The Department contends that § 8 of the 1967 Tax Compact act was not repealed by its exclusion from the 1977 recodification of the Alabama Code; that Congressional approval is still necessary; and that the Tax Compact is therefore not in effect in Alabama. The Department appears to argue that Act No. 20, § 4, Ala.Acts 1977, and § 1-1-10 are merely "general repealing clauses" and that because § 8 of the 1967 act is not expressly repealed by either provision or by language in §§ 40-27-1 through -6 of the 1975 Code, the repeal of § 8 could arise only by "implication." See Merrell v. City of Huntsville, 460 So. 2d 1248 (Ala.1984). The repeal of a statute by implication, the Department points out, is not a favored rule of statutory construction in Alabama. Id.
In holding that the Tax Compact was in effect in this state, the trial court held that, by adopting the 1975 Code, the legislature repealed the portion of the original legislation limiting its effective date and that the Tax Compact had been enacted by its own terms.
We agree.
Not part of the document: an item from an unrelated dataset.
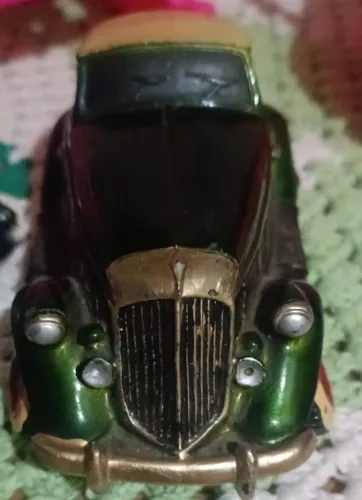 Morris Minor, um clássico britânico produzido entre 1948 e 1971. Raridade são dois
The 1977 recodification of the Alabama Code contained absolutely no condition to the immediate effectiveness of the Tax Compact. The absence of such conditional language evidences clear legislative intent that the Tax Compact be enacted in 1977 and not be contingent upon Congressional approval. We find that the legislature clearly, and not by implication, repealed the Congressional approval requirement of the 1967 act by excluding it in the 1975 recodification of the Alabama Code.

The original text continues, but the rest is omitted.